Rakshit Shetty's Paramvah Studios and Pushkar Films distributed Mercury in Karnataka, and KFC Entertainment acquired the rights to release the film in Andhra Pradesh and Telangana. Pen India Limited acquired the film's global rights. The trailer of Mercury was scheduled for release on 5 April but to show solidarity with the statewide bandh due to the Kaveri River water dispute, the makers postponed the trailer launch, although it was launched on 10 April by prominent celebrities.

Mercury was released worldwide on 13 April 2018, excluding Tamil Nadu, where a strike was organised by the Tamil Film Producers Council against the digital service providers because of an increase in the Virtual Print Fee. A day before the film's official release date in India, Mercury was screened at the Indian Film Festival of Los Angeles. The same day, the makers hosted a special screening in Mumbai.

Mercury was leaked online through pirate sites, despite not having a scheduled release in Tamil Nadu. Prabhu Deva and the film's cast urged fans not to watch pirated versions. Mercury became the first Tamil cinema release after the 48-day strike held by Producer's Council. The film opened to a wide release in Tamil Nadu on 20 April 2018.

== Critical reception ==
Mercury received mixed reviews from critics.
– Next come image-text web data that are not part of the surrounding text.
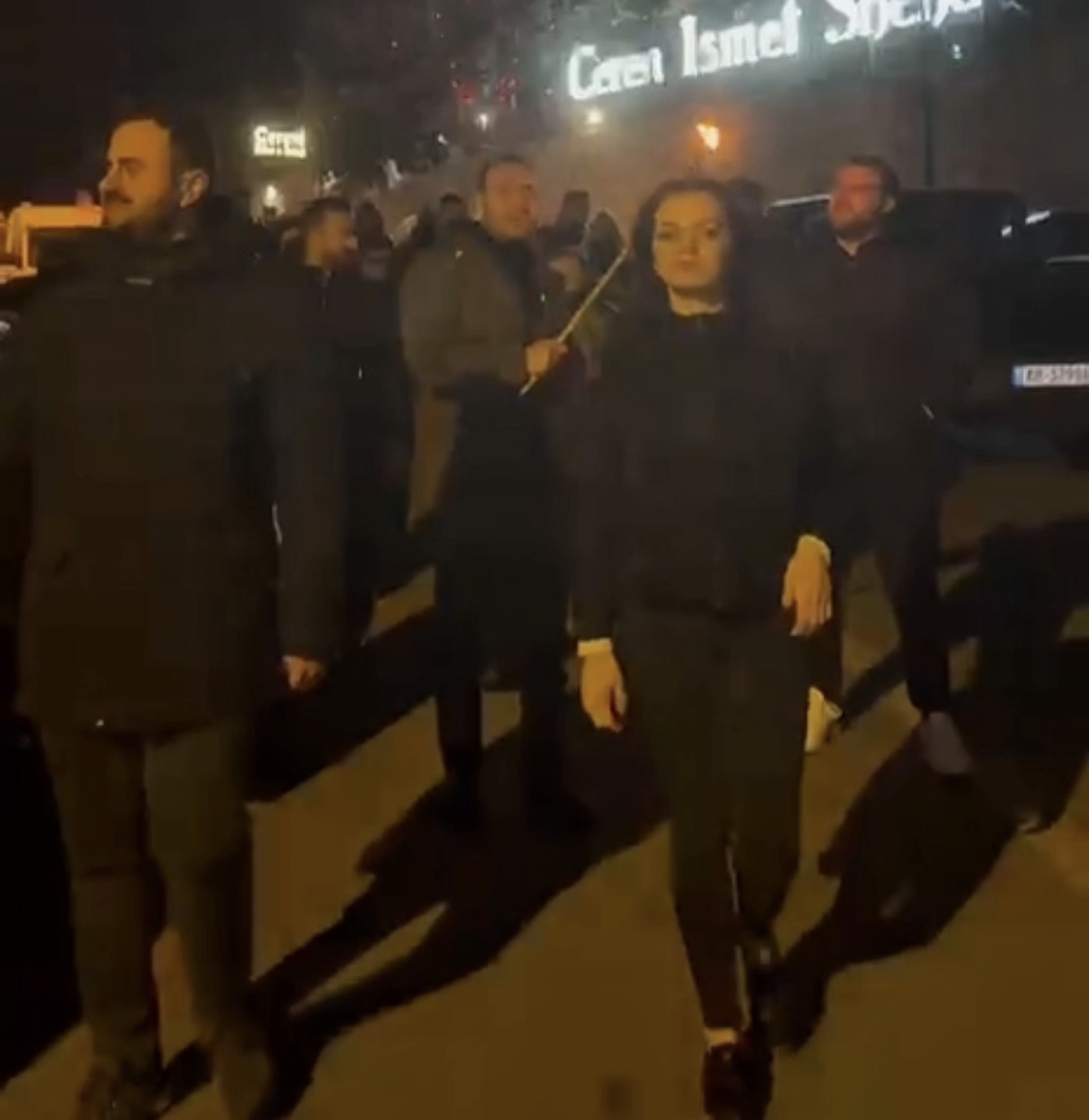 Të rinj demokratë protestë pranë vilës së Kryeministrit në Surrel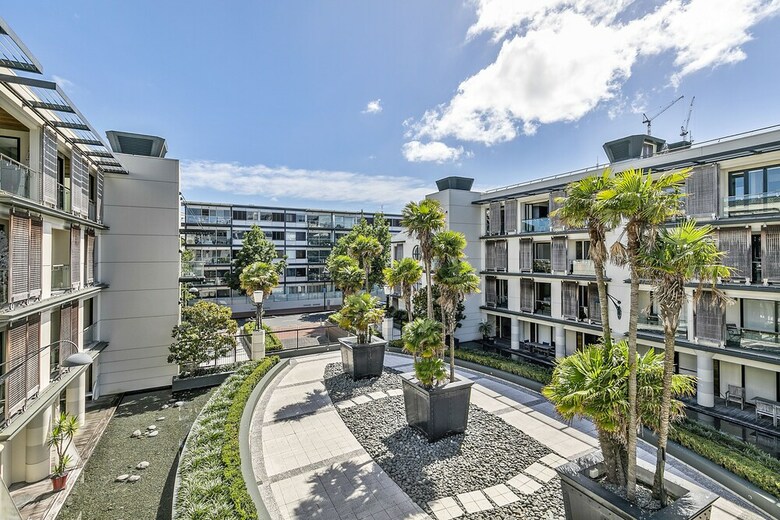 Zodiak's Spacious One Bedroom Apartment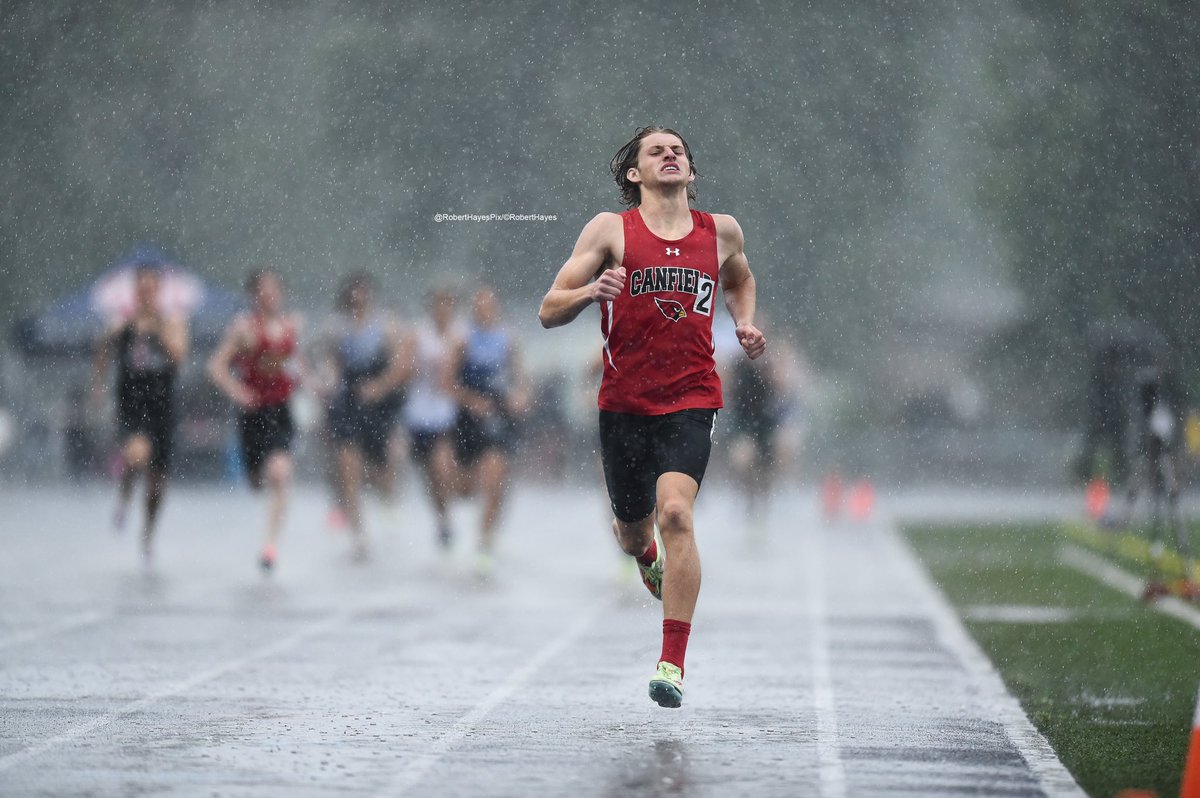 RobertHayes__'s tweet photo. Canfield’s @NickPlant18, @BoardmanTrackCC @LoganTh55057802, Chaney’s Rhiea Ann Gordon, Howland’s Connor Durig, and @Fitch_Track Savannah Jones  were among the athletes that battled the elements and booked trips to Columbus. @TribChronSports 

📰🏃🏃‍♀️: https://t.co/yz6qi5Velf https://t.co/YIk1JA48Jo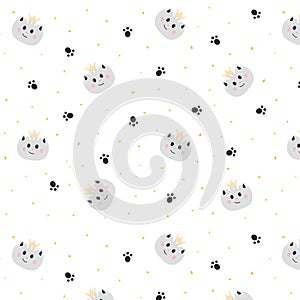 Seamless pattern with muzzles of cats with crown on the head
The Times of Indias chief critic Reza Noorani gave Mercury three stars out of five, saying: "There are no big scares that Mercury delivers. Instead, it unravels at its own pace which is not perfect at all times." Saibal Chatterjee of NDTV, stated the film is "a disjointed drama that uses conventions of the slasher flick and the horror film in order to spin a none-too-scary yarn that oftentimes borders on the unintentionally funny"; Chatterjee also stated: "the film ventures into the territory that A Quiet Place occupies – the destructive force in Mercury turns out to be a figure that waits for the stimuli of sound to line up and pounce on its targets". Y. Sunita Chowdary of The Hindu stated the film has its fair share of "chills" and "thrills". Udita Jhunjhunwala of Firstpost noted the story as one of the film's major flaws, stating: "the story just does not stitch together".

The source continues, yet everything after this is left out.